Die Weichen waren gestellt. Für die Charité als würdige Erbin sowohl großer Medizin als auch des Public-Health-Ansatzes (Rudolf Virchow, Alfred Grotjan u.a.) war die Chance da, offen und innovativ all die oben skizzierten Vorbehalte wie überholte Vorurteile aussehen zu lassen.
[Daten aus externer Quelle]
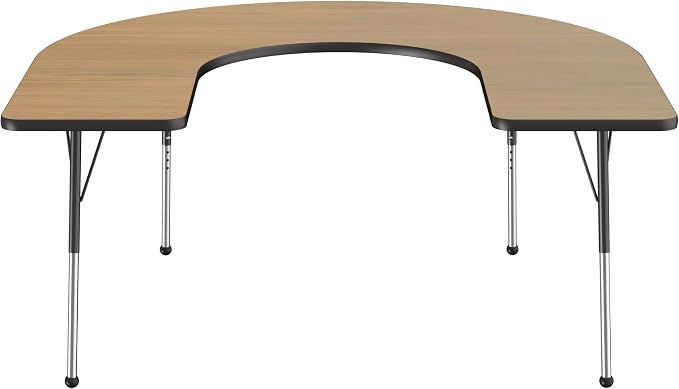 FDP Horseshoe (60 x 66 inch) Collaborative Teacher Classroom Table with Adjustable Standard Ball Glide Legs (19-30 in); School and Office Furniture - Pasadena Oak Top/Navy Edge and Legs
Tatsächlich geschah und geschieht offenbar das Gegenteil: Statt des von vielen befürchteten Sinkfluges scheint Public Health am neuen Platz in der Charité eher so etwas wie einen Absturz zu erleben: Eine Weiterführung mit den an der TU verfügbaren Ressourcen würde den Gegenwert von zwei unbefristeten C4- und einer C3-Stelle nebst Ausstattung u. a. mit wissenschaftlichen Mitarbeitern bedeuten. Stattdessen soll die BSPH nunmehr mit einer noch auf fünf Jahre besetzten W3-Stelle mit kw-Vermerk und einer zunächst auf fünf Jahre befristeten W2-Professur aufgebaut werden. Eine ebenfalls befristete Junior-Professur zum Studiengang ‚Gender and Health’ wird irgendwie mitgezählt. Mit dieser Ausstattung ist die Zusage von Senator Flierl wohl nicht eingehalten, denn alle Stellen sind befristet, sie sind durchweg geringwertiger und gehören zum Teil nicht direkt zur BSPH. Zudem sind die Kerngebiete Public Health (Epidemiologie, sozialwissenschaftliche Grundlagen, Gesundheitssystemforschung, Intervention) nicht abgedeckt.
Die zweite Frage ist, ob mit den für die BSPH bzw. für das Fachgebiet Public Health bereitgestellten Ressourcen eine nachhaltige, akademisch handlungsfähige und wirkungsvolle Struktur aufgebaut werden kann, die dazu geeignet ist, den auf diesem Gebiet international noch immer bestehenden strukturellen Entwicklungsrückstand in Deutschland aufzuholen. Zum Vergleich: Die Universität Bielefeld (ohne Medizin) verfügt über eine eigenständige Fakultät für Gesundheitswissenschaften, und diese strebt gegenwärtig die Einrichtung der zehnten Professur mit Arbeitsgruppe an.
Vor dem Hintergrund der bisherigen Erfahrungen mit dem Aufbau von Studiengängen bzw. Instituten für Public Health kann nicht davon ausgegangen werden, dass der Aufbau einer akademisch tragfähigen und vorzeigbaren Struktur, die den Namen »Berlin School of Public Health« verdient, mit diesen drei befristeten Stellen zu schaffen ist. Das Land Berlin und die deutsche Hauptstadt können damit die bis zur Gründung der BSPH in Deutschland führende (und so auch politisch gewünschte) Position im zukunftsträchtigen und von der Praxis nachgefragten Feld von Public Health wohl nicht halten. So bleibt denn überaus fraglich, ob mit den in Berlin bereitgestellten Ressourcen eine nachhaltig entwicklungsfähige und die internationale Anschlussfähigkeit sichernde Struktur aufgebaut werden kann. Versuche der DGPH, den Senator für Wissenschaft, Bildung und Forschung vom Ernst dieser Situation zu überzeugen und ein Gegensteuern zu erreichen, haben bislang keine erkennbaren Ergebnisse erbracht – außer der Zusicherung, dass der Senat das Fach Public Health weiterhin fördern und alles im Auge behalten will. Für solche notwendige Beobachtung und Unterstützung scheint sich derzeit neben der Charité eine weitere Baustelle aufzutun: Wie aus der Freien Universität zu hören ist, gilt jetzt auch der dort bestehende sozialwissenschaftliche Public-Health-Master-Studiengang »Psychosoziale Prävention und Gesundheitsförderung« in der FU, der aktuell seine Zertifizierung starten will, als materiell bedroht.